First, let’s define self-actualization. To be precise, Maslow used the term “self-actualizing” to denote that the process is ongoing and never complete. Maslow said things such as “… what a man can be, he must be” and “stepping forward into growth” to describe the self-actualizing process. For our purposes, self-actualization refers to living a life at our highest potential that is connected to our unique purpose. For most, the benefits of living our lives in this manner are self-evident, which begs the question: why don’t more of us actively engage in this process?

I think one reason that the percentage of people who self-actualize is low is because it requires us to take risks and total responsibility for our lives. As my mentor and friend Dr. Dominic J. Monetta says, “You are totally responsible for yourself. Period.” Many of us would rather play it safe, or live out someone else’s expectations of what is “good” or “expected,” than to strike out on our own. Psychoanalyst Erich Fromm’s seminal work “Escape from Freedom” discusses the dynamic tension between Freedom and Blame, and concluded that many of us would rather play it safe and retain the right to point fingers and blame someone else for our shortcomings, rather than take total responsibility for our lives and our happiness.

In addition to our attempts to avoid personal responsibility, I believe there are three other important reasons many of us avoid fully engaging in the process of self-actualizing. Although all of these reasons may apply to any one of us, they are often specific to the 3 Leadership Styles and Shadows: Achiever, Affirmer and Asserter. For Achievers, the Fear of Failure Shadow can inhibit self-actualization by focusing on perfection instead of the process. Perfection exists as a neat, step-by-step model with a perfect ribbon at the end. However, individual self-actualization is just that – individual. No one else has ever quite taken your path, and no one else will again, so there is no roadmap to follow. The ambiguity that is often involved in the trial-and-error process of finding your potential, passion and purpose can be especially uncomfortable for Achievers.

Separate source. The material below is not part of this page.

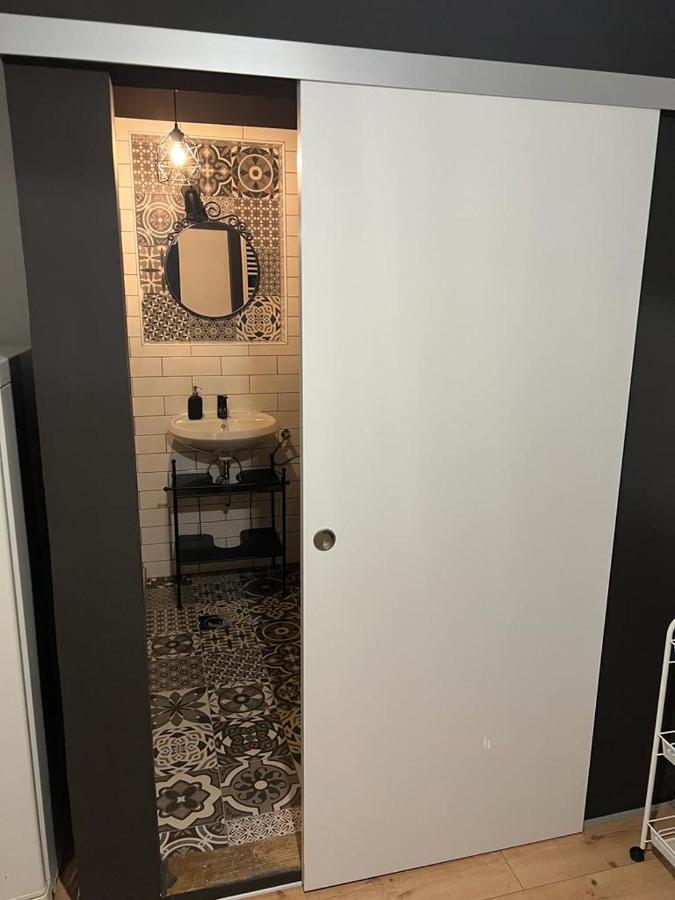 4 Stars Apartments Near Airport Velika Gorica Eksteriør bilde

For Affirmers, the Fear of Rejection Shadow can and often does hinder the self-actualization process because of the inherent tendency to seek approval from others. Sadly, many Affirmers make decisions and take actions based on what they assume others need. Moreover, they often live their lives in accord with the expectations of others as opposed to their own wants and needs. Too often they garner the approval of others, but fail to live up to their own potential.

And for Asserters, living a life at the highest potential requires asking for help and for forgiveness, which is difficult with the Fear of Betrayal Shadow. Too often, Asserters realize that the walls of confidence and decisiveness that they’ve built up to prevent feeling vulnerable have turned into their prisons, holding them back from deep and authentic connection with others. To loosely quote C.S. Lewis, you can wrap up your heart and prevent it from being broken, but in that process it will become unbreakable. In other words, in order to have your heart filled you must be willing to risk having it broken. Many Asserters simply are not willing to take that risk.

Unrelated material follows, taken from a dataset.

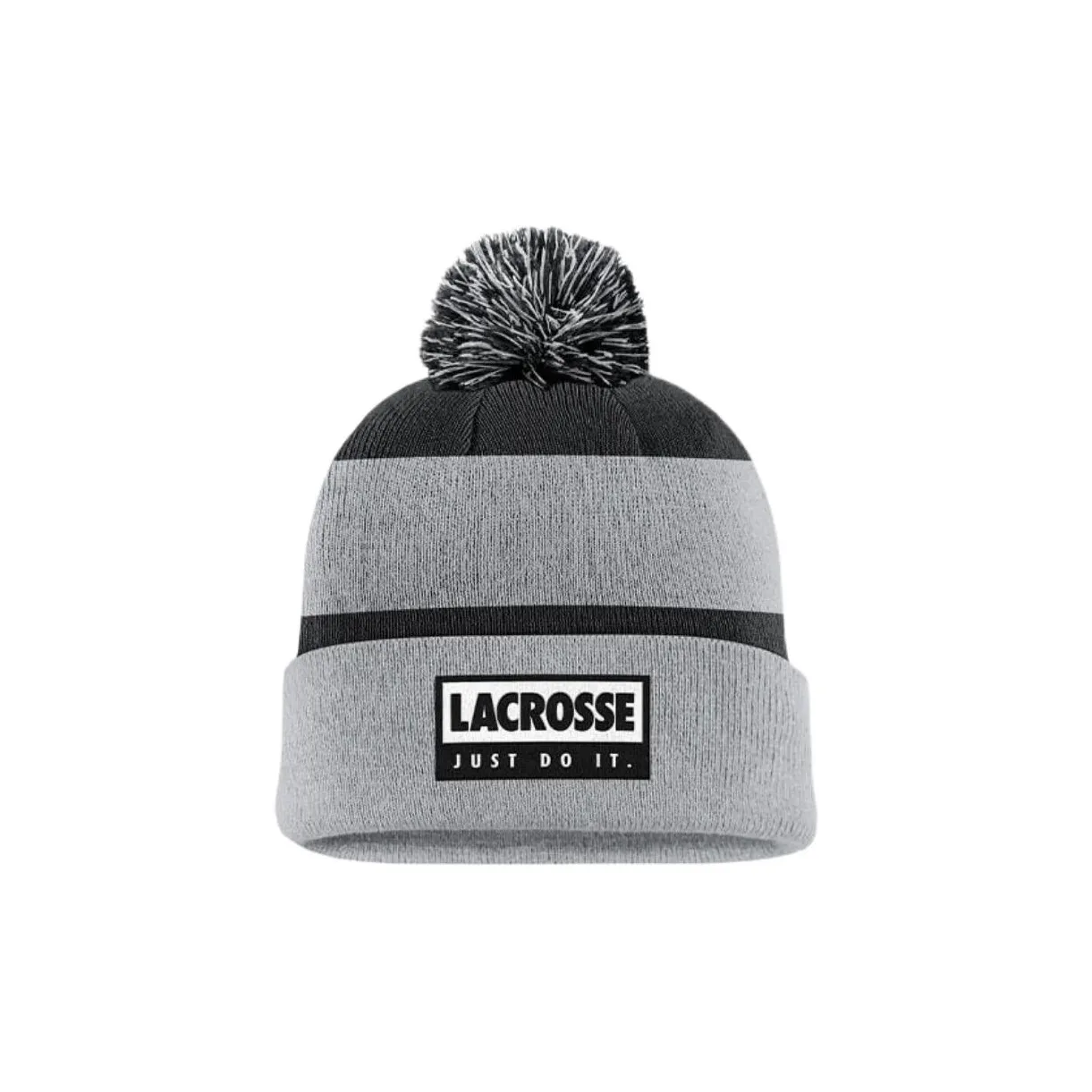 Nike Swoosh Peak Lacrosse Beanie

Perhaps the most important reason for not actualizing our potential is the severed and broken relationships that you will experience when you decide to follow your own path. So many of our friends and family members like us right where we are. Breaking away from this “orbit” and expectation will likely inconvenience many of them. Making a decision to change your vocation, to return to school, or to focus on your own happiness is often met with disapproval, resentment and even hostility. Sadly, these relationships may end through no fault of your own. Only you can decide if it’s worth it.

To be clear, there is a price associated with actualizing your highest potential. It’s not easy and at times it can be lonely and painful. However, not fulfilling your potential or connecting with your purpose is painful and lonely too. Regret and resentment are slow burns that often begin to really “hurt” only when you realize that it’s too late.

What price are you willing to pay to connect with your purpose and actualize your potential?

If it all ended today, what would you regret?

What will you commit to right now to jumpstart your journey for achieving your potential and bypassing regret?